> _Data block_:
+---+

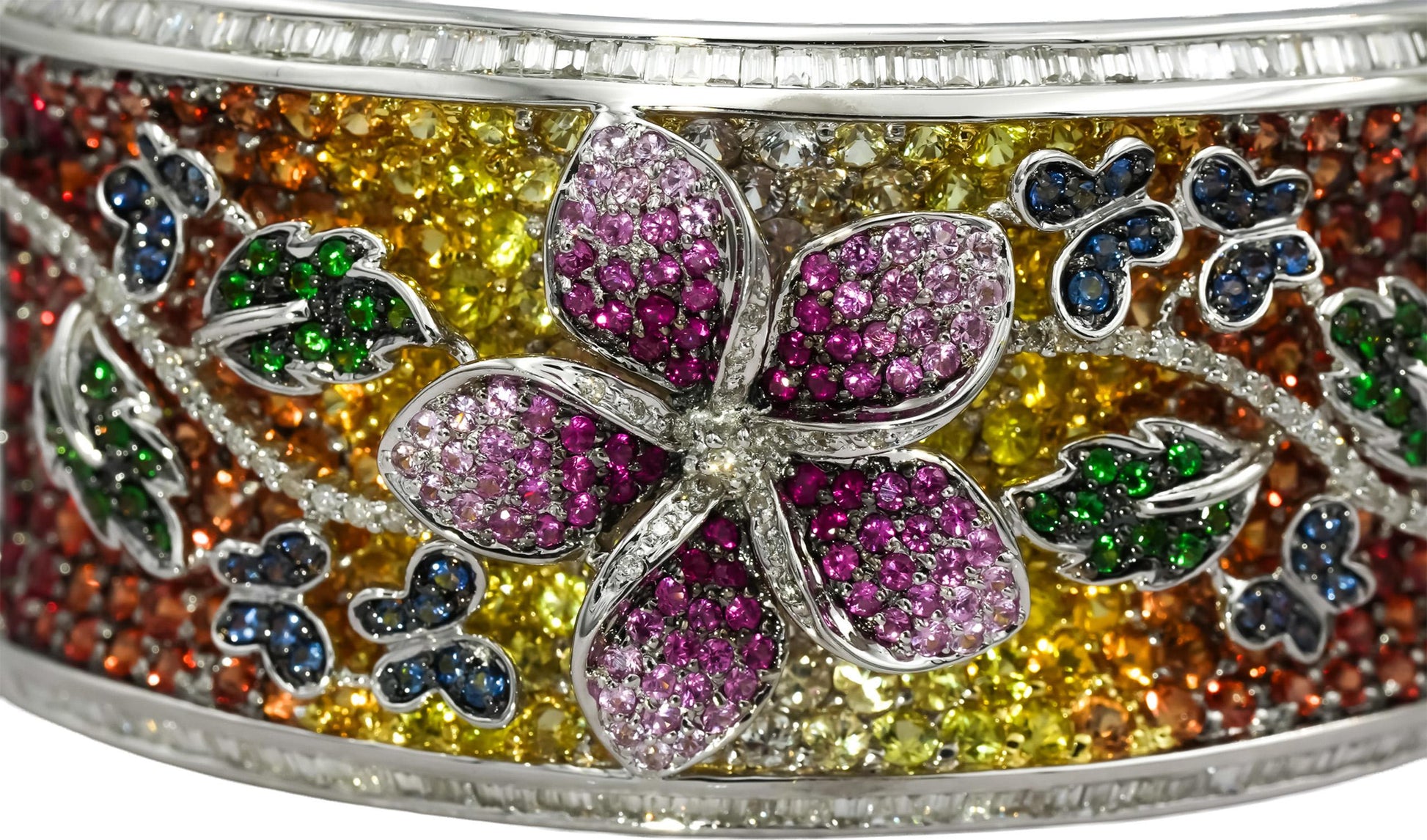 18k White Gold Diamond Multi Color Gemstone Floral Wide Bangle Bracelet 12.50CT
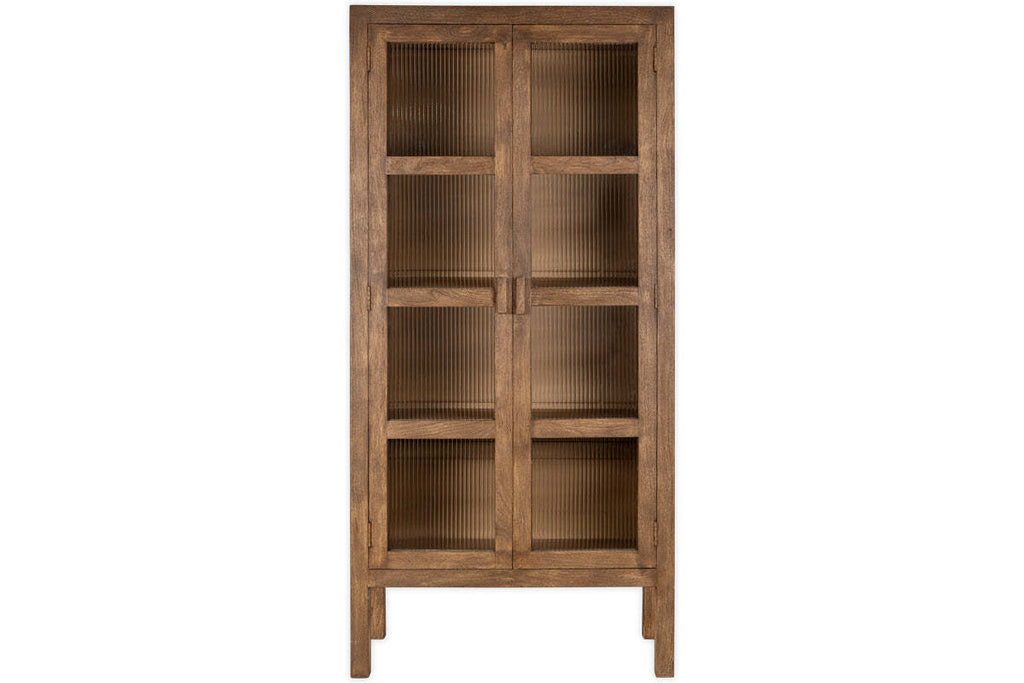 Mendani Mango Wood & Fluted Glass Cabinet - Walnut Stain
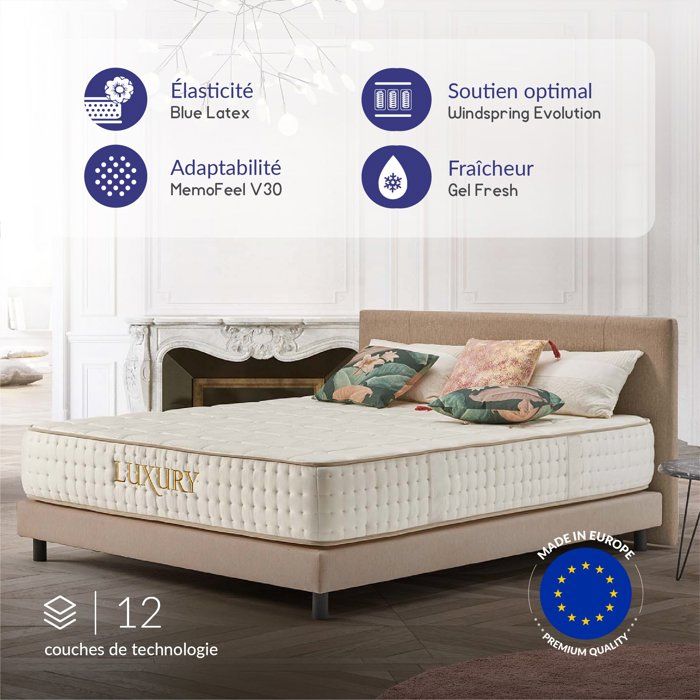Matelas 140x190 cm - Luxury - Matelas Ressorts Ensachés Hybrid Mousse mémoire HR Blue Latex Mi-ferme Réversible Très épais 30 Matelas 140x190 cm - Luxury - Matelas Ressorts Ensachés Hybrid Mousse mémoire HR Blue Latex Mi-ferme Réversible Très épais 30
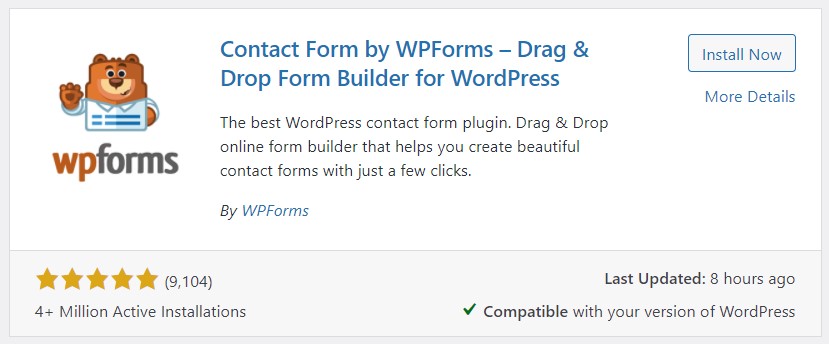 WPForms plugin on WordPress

+---+

> _Task directions_:
Drop the pictures and reproduce the rest of the data above exactly.

> _The answer_:
 18k White Gold Diamond Multi Color Gemstone Floral Wide Bangle Bracelet 12.50CT
 Mendani Mango Wood & Fluted Glass Cabinet - Walnut Stain
Matelas 140x190 cm - Luxury - Matelas Ressorts Ensachés Hybrid Mousse mémoire HR Blue Latex Mi-ferme Réversible Très épais 30 Matelas 140x190 cm - Luxury - Matelas Ressorts Ensachés Hybrid Mousse mémoire HR Blue Latex Mi-ferme Réversible Très épais 30
 WPForms plugin on WordPress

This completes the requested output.